HUDSON: The city may be adding a software program that could shorten the response times to heart-related emergency calls.
EMS Outreach and EMS Director Bruce Graham proposed Tuesday adding the program that monitors and locates Automated External Defibrillator devices during City Council’s workshop.
The program is run by Atrus, Inc, which is based in Florida. CEO Elliott R. Fisch presented the services that are offered for a cost of approximately $950 per year.
The software is added into the 911-system and monitors the location and status of AED devices located throughout the city. When a call is made indicating that a person has collapsed, is unresponsive and breathing is not normal, the software locates the closest device. It transmits the location of the device to EMS personnel, and to the person who registered the device and agreed to assist if paged. The goal is to get a working AED to the stricken person within the shortest time possible, which can greatly increase the chances for survival of a heart attack.
EMS Outreach has agreed to fund the software and service for two years, and did not rule out funding beyond that point. The outreach organization was created in 2010 to fund projects, raise public awareness, and otherwise support Hudson EMS.
After the presentation, council indicated its willingness to accept the gift.
Atrus will also provide a registry of all devices in the city, and will issue maintenance alerts monthly, to keep the owners of the devices advised as to the status of battery expiration and other issues.
Fisch pointed out, that the AED device located outside the meeting room at Town Hall had device pads that expired in November.
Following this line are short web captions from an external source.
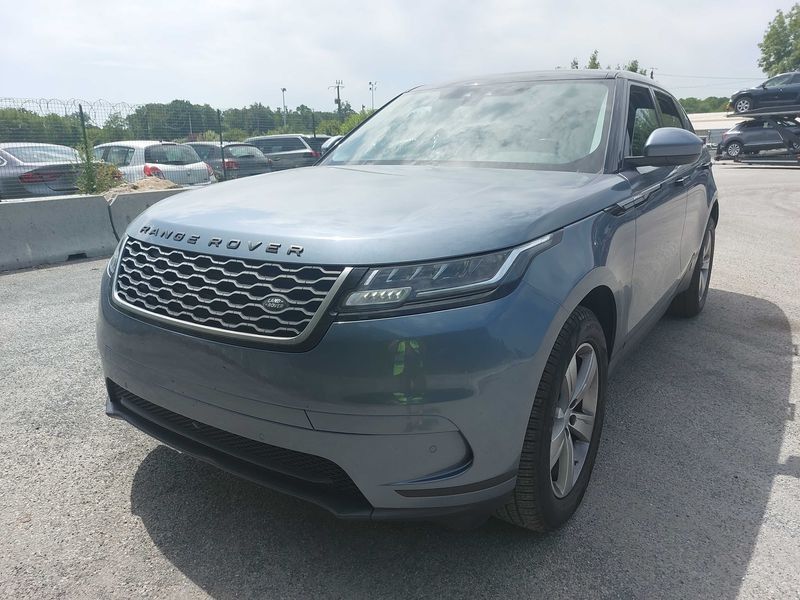 Land Rover Range Rover Velar 2.0 Diesel S R-Dynamic 2020 – снимка 4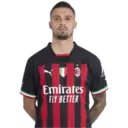 AC Milan Player 22-23 30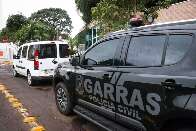 Advogada e marido policial s&atilde;o alvos de opera&ccedil;&atilde;o por vazamento de dados ao PCC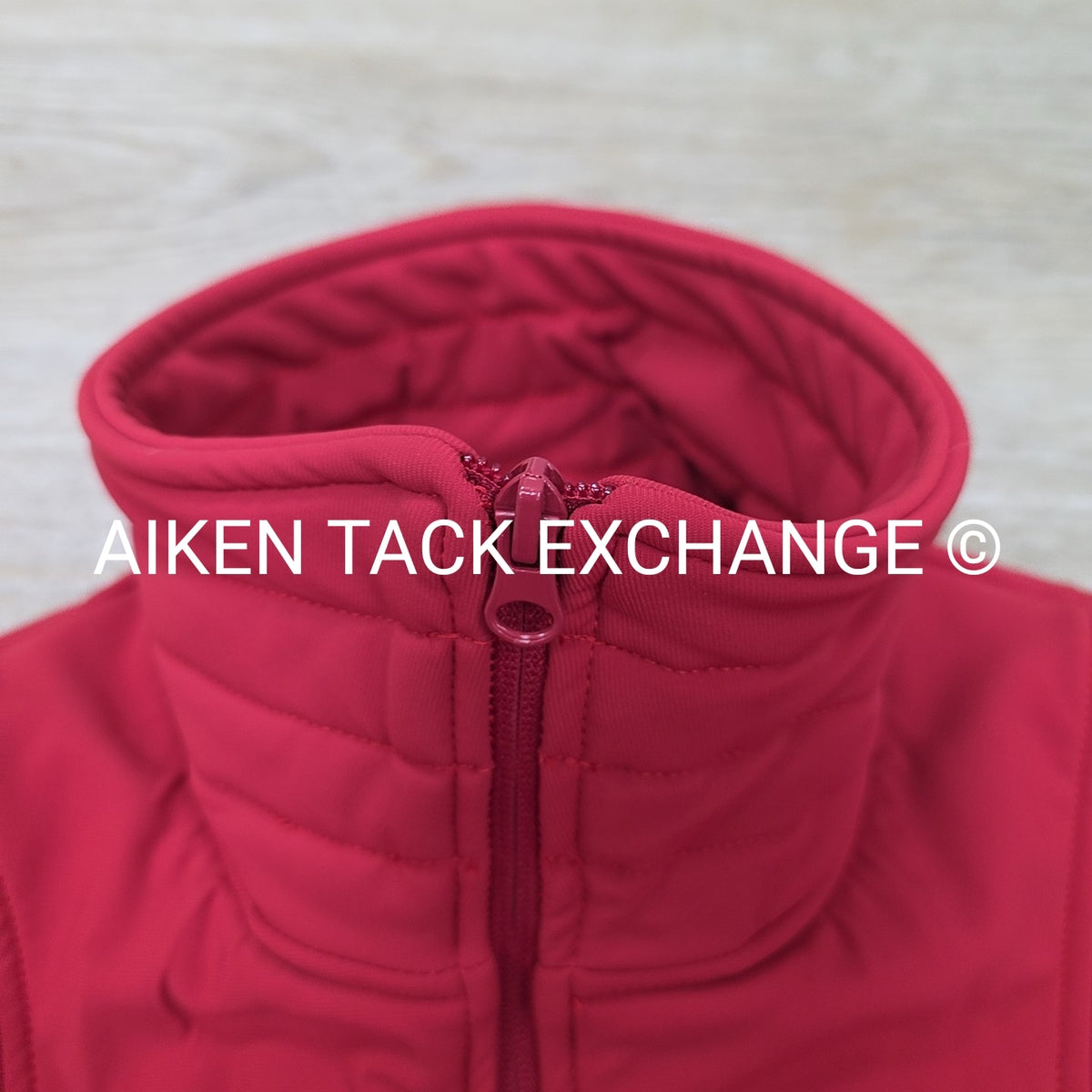 PS of Sweden Lollo Full Zip Jacket, Women's Medium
He said that with his company's service, the city would have been notified of the expiration.
Graham proposed, in addition to accepting the gift, that council pass legislation legally requiring the registration of all AED devices in the city on the national registry run by Atrus.
Both Council President Hal DeSaussure, and David Basil had reservations about mandating registration, citing concerns that fear of liability or violation of the law might deter local businesses, churches, etc., from purchasing a device.
The consensus of council seemed to be that legislating registration was not a good idea.
As an alternative, representatives of EMS Outreach present told council that they are starting an initiative to get more local businesses to purchase AED's. They will be offering a reduced price on the devices, which range from $900 to $1,400 prior to discount, and would run about $700-900, with the discount. The discount could be made contingent on a registration requirement.
Council was more receptive to this idea, with David Basil saying it was offering "a carrot, rather than a stick."